[Assigned task]: The records below are to be copied exactly, with every picture left out.

[Supplied entries]:
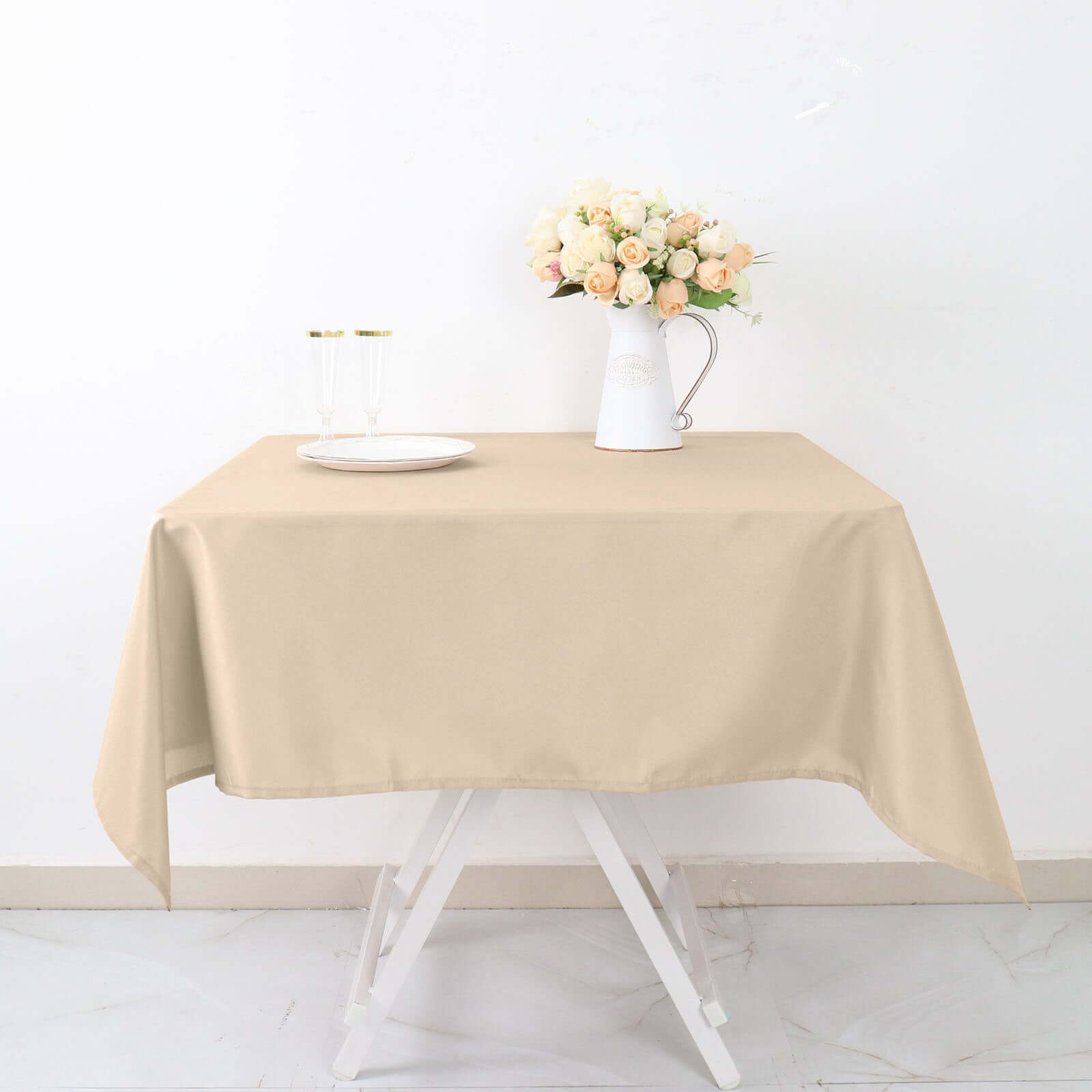 Durable & Wrinkle-Resistant Nude 54x54 Polyester Square Tablecloth - Ideal for Events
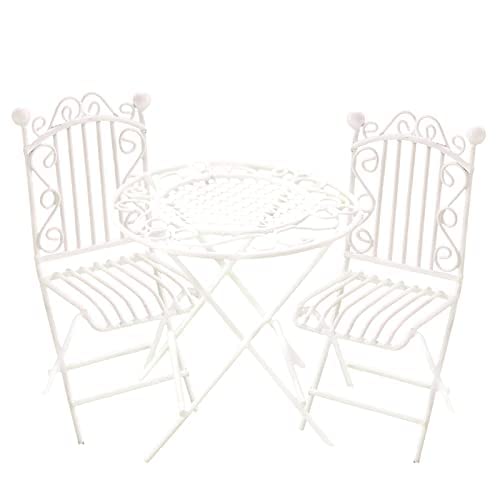 Miniature Bistro Table & Chairs Set White Metal 1:12 Scale Coffee Tea Furniture B4287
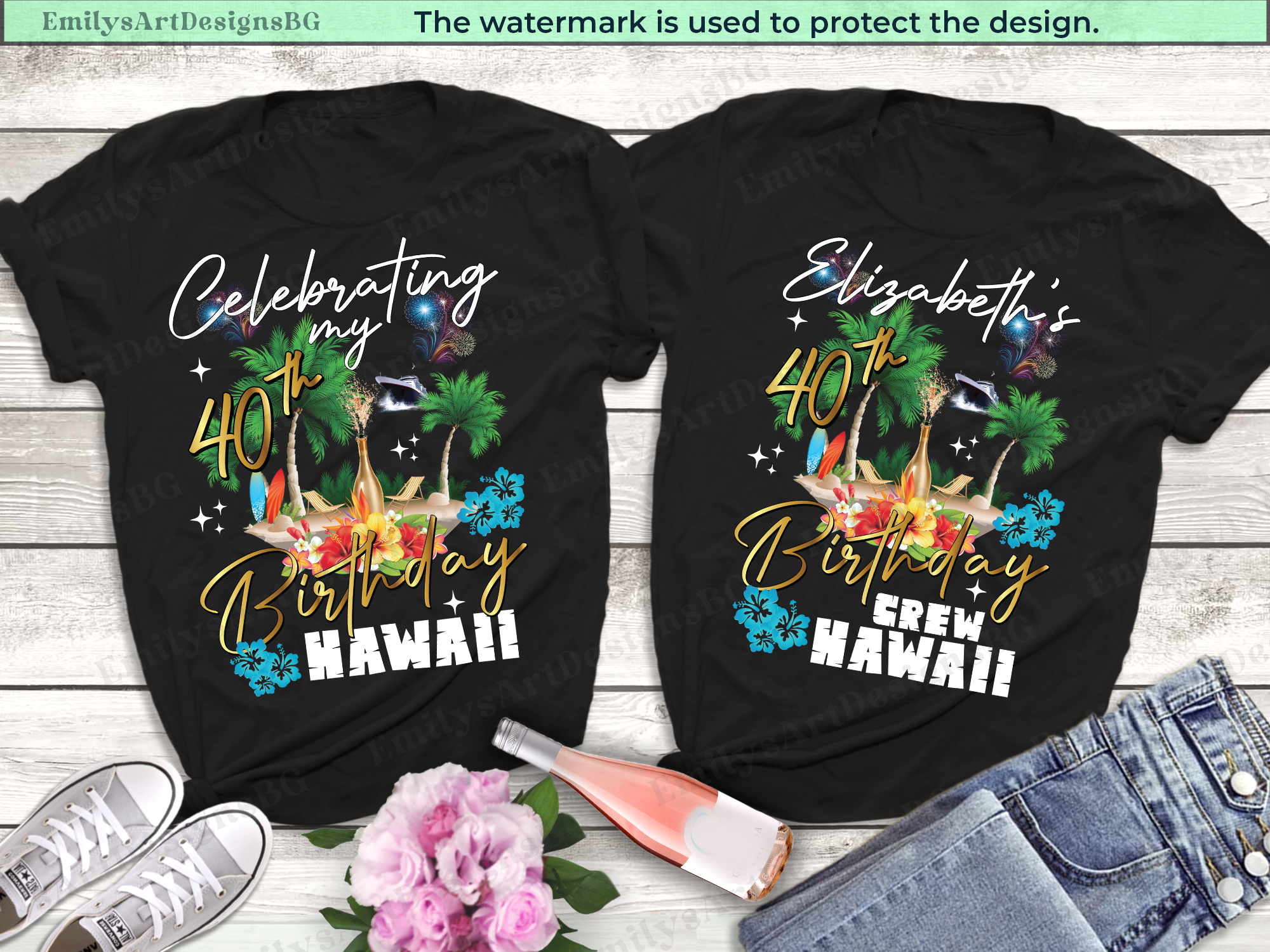 Personalized Hawaii Birthday Trip Shirts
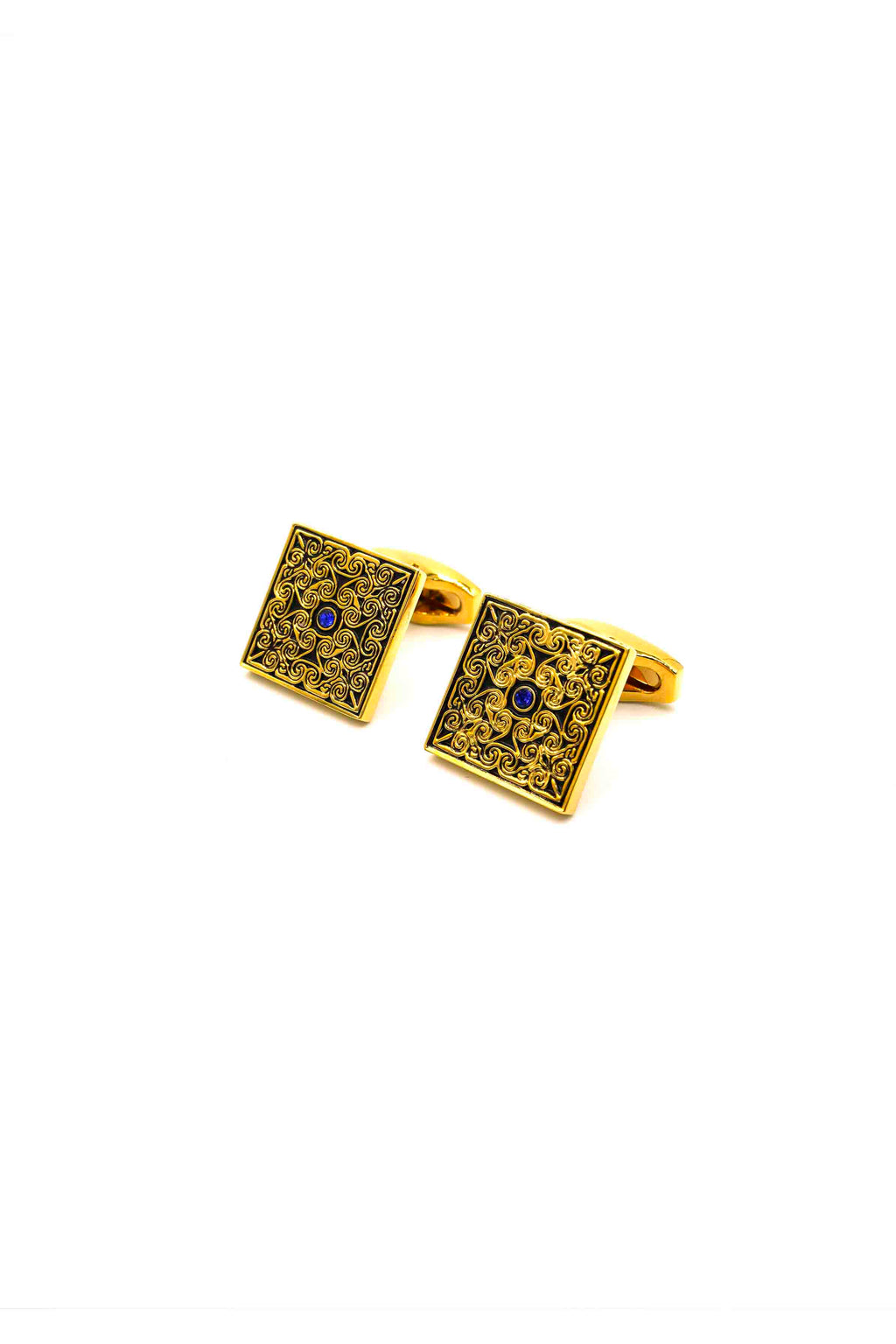 Square Black and Gold Motif Cufflinks with Diamante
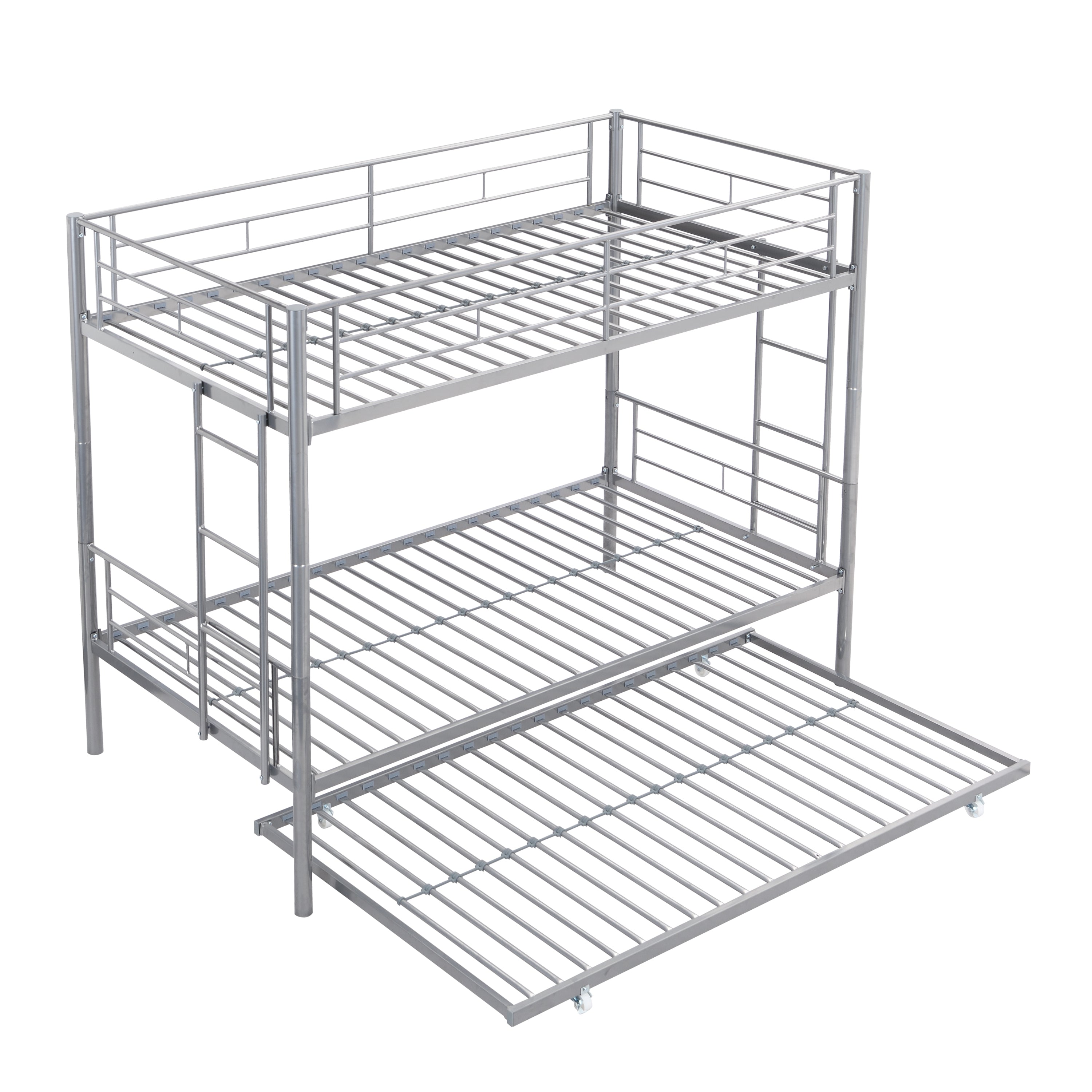 METAL BUNK BED WITH TRUNDLE  SILVER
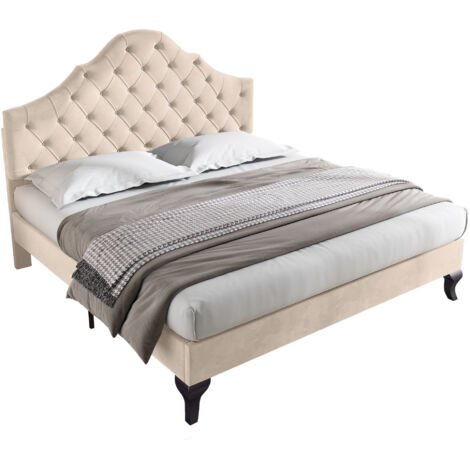 Bett Samt Off-White 140x190 cm, mit Lattenrost und höhenverstellbarem Kopfteil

[Answer space]:
 Durable & Wrinkle-Resistant Nude 54x54 Polyester Square Tablecloth - Ideal for Events
 Miniature Bistro Table & Chairs Set White Metal 1:12 Scale Coffee Tea Furniture B4287
 Personalized Hawaii Birthday Trip Shirts
 Square Black and Gold Motif Cufflinks with Diamante
 METAL BUNK BED WITH TRUNDLE  SILVER
 Bett Samt Off-White 140x190 cm, mit Lattenrost und höhenverstellbarem Kopfteil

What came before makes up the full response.